Just because a market is bullish doesn’t mean you should act irresponsibly in your investing. Though you might feel more confident taking risks, remember that trends can change faster than expected.

What Is a Bear Market?

If a bull market occurs when stock prices are rising, then a bear market is when stock prices are falling. Similarly, the SEC says a bear market occurs when “a broad market index falls by 20% or more over at least a two-month period.” During a bear market, investors are worried about the future. They might notice that markets are slowing down or falling and feel like the situation will get worse.

Causes

Bear markets occur when investors feel pessimistic about the future, causing them to act conservatively. This can exacerbate a bear market because conservative investments further slow growth. However, investors don’t become pessimistic overnight. Here are a few reasons they might be concerned:

  • Economic instability: War, famine, trade disputes, and tense international relations can affect global markets and make investors uncertain.
  • High inflation: When inflation rates are high, consumer budgets don’t stretch as far. This causes people to reduce spending, harming markets.
  • National events: Major occurrences cause changes in investing. For example, the presidential election can impact confidence in economic futures.

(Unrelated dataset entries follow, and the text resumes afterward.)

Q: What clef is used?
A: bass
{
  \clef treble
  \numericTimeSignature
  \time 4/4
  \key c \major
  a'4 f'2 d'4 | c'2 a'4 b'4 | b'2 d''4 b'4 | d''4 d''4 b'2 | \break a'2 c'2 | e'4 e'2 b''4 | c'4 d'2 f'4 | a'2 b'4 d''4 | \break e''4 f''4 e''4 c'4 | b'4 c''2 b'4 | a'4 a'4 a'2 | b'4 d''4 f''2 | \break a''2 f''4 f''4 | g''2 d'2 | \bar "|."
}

Simply put, macroeconomic trends make investors worried about the future, causing them to change their investment plans to protect their funds.

Effects

The effects of a bear market can change entire economies, even affecting the same factors that caused the bear market in the first place. Here are a few things that occur during a bear market:

  • Stock prices drop. Investors sell shares or move to more conservative markets. They look for less risky investments.
  • Demand for goods and services decreases.This can potentially cause deflation or disinflation, which is the slowing of inflation.
  • Unemployment can rise. When demand falls, companies sell fewer goods and services and are less profitable. This can potentially lead to layoffs.

If people feel like the bear market is going to worsen, they might pull back on investments and avoid risks. This causes the market to slow even further.

How Long Do Bear Markets Typically Last?

Over the last century, bear markets have been considerably shorter than bull markets. Between 1926 and 2019, the average bear market lasted 1.3 years before the economy started to rebound. This is usually because of government intervention to address high unemployment or economic instability.

Using the COVID-19 pandemic as an example, stock markets started to rise in 2021 after plummeting in 2020 because of vaccine development. The idea that people would soon be vaccinated meant travel, trade, and normal life could resume, thus returning spending and employment to normal levels. This created a transition away from a bear market.

How To Invest in a Bear Market

Even though bear markets are stressful, there are still ways to invest at this time:

  • Look for stocks that will rebound. Buying when stocks are down can help you grow your wealth when they rise during the next bull market.
  • Maintain a diverse portfolio. Evaluate your risk tolerance and invest in a mixture of conservative and bold stock options.
  • Don’t panic. If you have existing investments, do not let a bear market scare you. It will rebound in the long run.

Bear markets might even provide more lucrative opportunities than bull markets. Even if other investors are scrambling because of a bear market, maintaining a cool head can help you make sound decisions that will pay off in the years to come.

Bear and bull markets are natural parts of the economy. Knowing these concepts can help you better understand market trends and why they occur. Ultimately, you don’t have to fear a bear market and shouldn’t feel overconfident in a bull market. Investing is all about balance.